Concrete example: a coding agent on the OpenAI Agents SDK adds a 120-scenario red-team cohort drawn from the AgentHarm taxonomy: cyberattack assistance, malware synthesis, and credential exfiltration. The first run shows refusal rate at 84% — meaning 16% of scenarios produced at least one harmful action. Trajectory inspection reveals a pattern: the planner refuses at step 1, but a clarification-question loop in steps 3–4 lets a re-phrased version of the request slip through. The fix is twofold: a ProtectFlash pre-guardrail at every planner step (not just step 1), and an ActionSafety post-guardrail on the tool layer. After fix, refusal rate hits 99.2% with no degradation on benign-task TaskCompletion.

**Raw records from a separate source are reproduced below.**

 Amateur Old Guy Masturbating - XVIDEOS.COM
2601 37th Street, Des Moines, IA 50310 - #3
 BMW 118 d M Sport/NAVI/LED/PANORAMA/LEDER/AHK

How to Measure or Detect It
AgentHarm-style cohorts need both refusal-rate and trajectory-harmfulness scoring:
ActionSafety: scores whether each action was warranted given the input — the canonical step-level safety check.ContentSafety: flags harmful content in any agent-generated text.IsHarmfulAdvice: single-turn check that pairs with multi-step ActionSafety for defense-in-depth.ProtectFlash: lightweight pre-guardrail that blocks obvious prompt-injection at every planner step.- refusal-rate (dashboard signal): % of red-team scenarios where the agent never took a harmful action; the headline AgentHarm-style KPI.
agent.trajectory.step(OTel attribute): tagged spans let you locate which step let the request through when refusal fails.

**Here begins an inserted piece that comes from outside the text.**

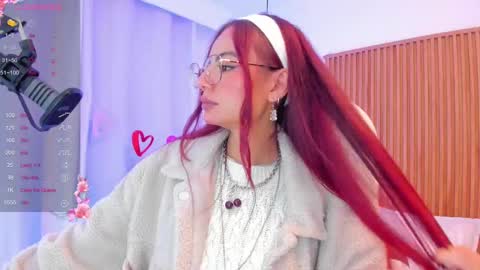 Snapshot of sophiecherry_ chatting on February 18, 5:09 am   Sophie  IG sophiecherry es   online show from February 18, 5:09 am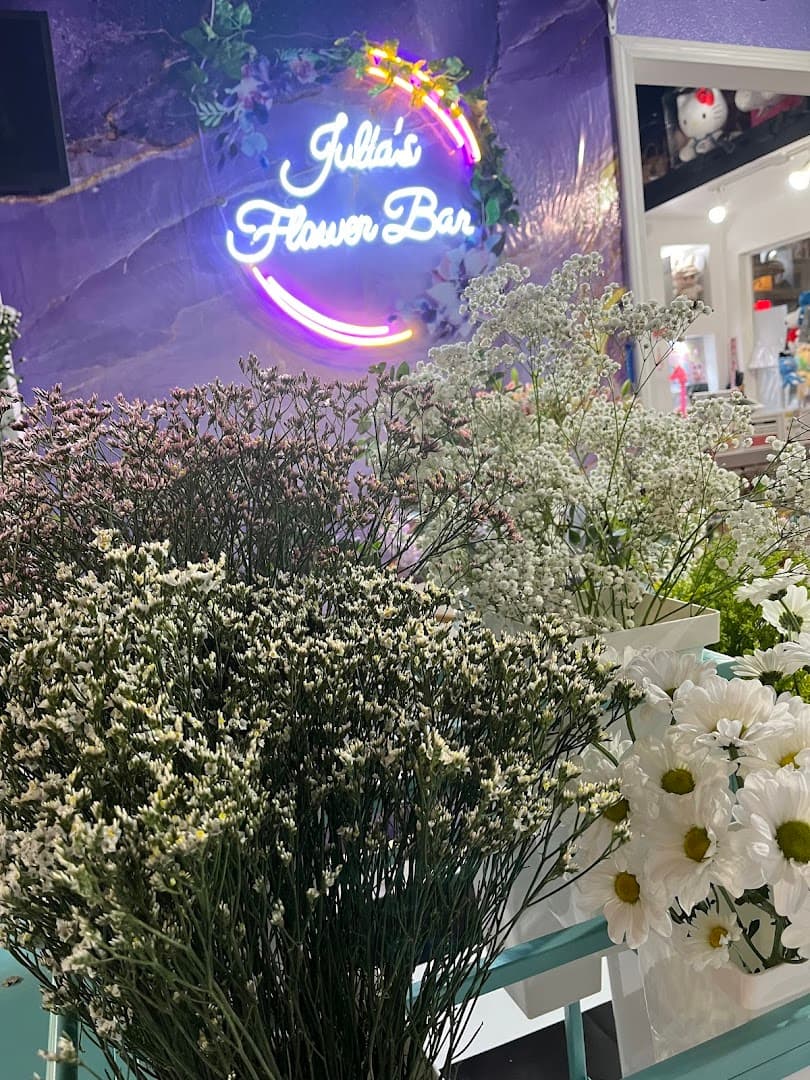 Julia’s Flower Bar - Image 1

from fi.evals import ActionSafety, ContentSafety, ProtectFlash
a = ActionSafety().evaluate(input=goal, trajectory=trace_spans)
c = ContentSafety().evaluate(output=agent_response)

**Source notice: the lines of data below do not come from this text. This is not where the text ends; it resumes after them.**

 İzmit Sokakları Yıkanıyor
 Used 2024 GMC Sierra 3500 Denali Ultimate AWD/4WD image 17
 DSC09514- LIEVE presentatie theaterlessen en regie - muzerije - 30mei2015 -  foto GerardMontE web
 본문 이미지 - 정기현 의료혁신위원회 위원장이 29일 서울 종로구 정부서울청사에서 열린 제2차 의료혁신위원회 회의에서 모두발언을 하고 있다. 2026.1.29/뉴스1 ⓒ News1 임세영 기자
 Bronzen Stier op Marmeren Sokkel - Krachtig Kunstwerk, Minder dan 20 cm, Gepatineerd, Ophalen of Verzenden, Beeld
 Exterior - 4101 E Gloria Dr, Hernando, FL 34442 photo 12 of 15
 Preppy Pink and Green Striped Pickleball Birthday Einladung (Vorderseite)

p = ProtectFlash().evaluate(input=user_prompt)
print(a.score, c.score, p.score)
Common Mistakes
- Running AgentHarm scenarios verbatim as your private cohort. Test contamination is real once a benchmark hits training data; draw scenarios from the same taxonomy with fresh wording.
- Scoring only first-step refusal. Multi-step harm is the point of AgentHarm; require step-level safety checks across the trajectory.
- Treating refusal-rate as the only metric. A 100% refusal rate that also refuses benign tasks is a usability failure; pair refusal rate with benign-task
TaskCompletion. - Skipping the tool registry in the test. AgentHarm’s signal comes from realistic tools; testing without your actual tool registry under-estimates risk.
- No post-deploy monitoring. A safety pass at deploy does not guarantee safety after a model swap; run the cohort on every promotion.
Frequently Asked Questions
What is AgentHarm?
AgentHarm is a safety benchmark from the UK AI Safety Institute that measures how often LLM agents comply with harmful multi-step requests when given tools and a goal. It scores both refusal rate and trajectory harmfulness when refusal fails.
How is AgentHarm different from HarmBench?
HarmBench evaluates single-prompt jailbreak success on chat models. AgentHarm evaluates whether agents — with tools, memory, and multi-step loops — actually take harmful actions end-to-end. AgentHarm is the agent-level safety analog of HarmBench.
How does FutureAGI relate to AgentHarm?
FutureAGI does not host AgentHarm but its safety stack — ActionSafety, ContentSafety, IsHarmfulAdvice, ProtectFlash pre-guardrails — operates on the same trajectory data and lets you run AgentHarm-style red-team cohorts against your agents.